The objective of this report is the assessment of cement compounds affected by high radiation dose typical of high level activity waste. Cement compound samples of different water-cement ratio were affected by up to 108 Gy radiation dose during the research.
Irradiated cement samples were observed to examine changes in regulated properties. Gas emission from cement samples and crystal phase structural changes were also assessed during the research. The research of structural changes of cement stone due to ionized radiation were done by the following methods: X-ray phase, Petrographic, Electron micrograph, Electron- microscopic analyses.
Comparative assessment of the samples before and after irradiation shows that cement compounds meet regulated requirements of final radioactive product.
Compressive strength was considered as a criterion. The samples subjected to hardening for 28 days have from 4 to 8 times more compressive strength than the required 5 MPa. The research proves that irradiated compounds have the same durability after frost resistance and emersion tests.

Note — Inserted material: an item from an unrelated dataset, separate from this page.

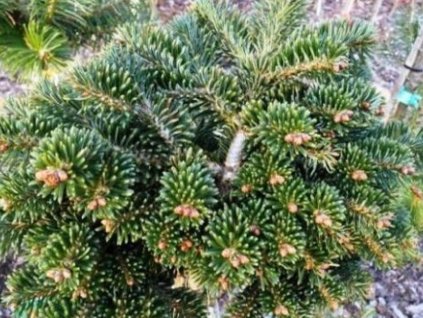 Jedľa macedónska 'J.K. Greece'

As a result of the experiment, the concentration of hydrogen emitted from cement compounds was also measured. The quantity of emitted hydrogen from higher water-cement ratio is a bit higher due to higher water level. The research verifies that the highest level of hydrogen is not higher than 10-3 mol/ (per sample).
The studies of structural and morphological characteristics of cement samples by the above mentioned methods show that structural and phase changes in the samples are not revealed.
The results of the research show that examined cement compounds withstand radiation dose up to 108 Gy.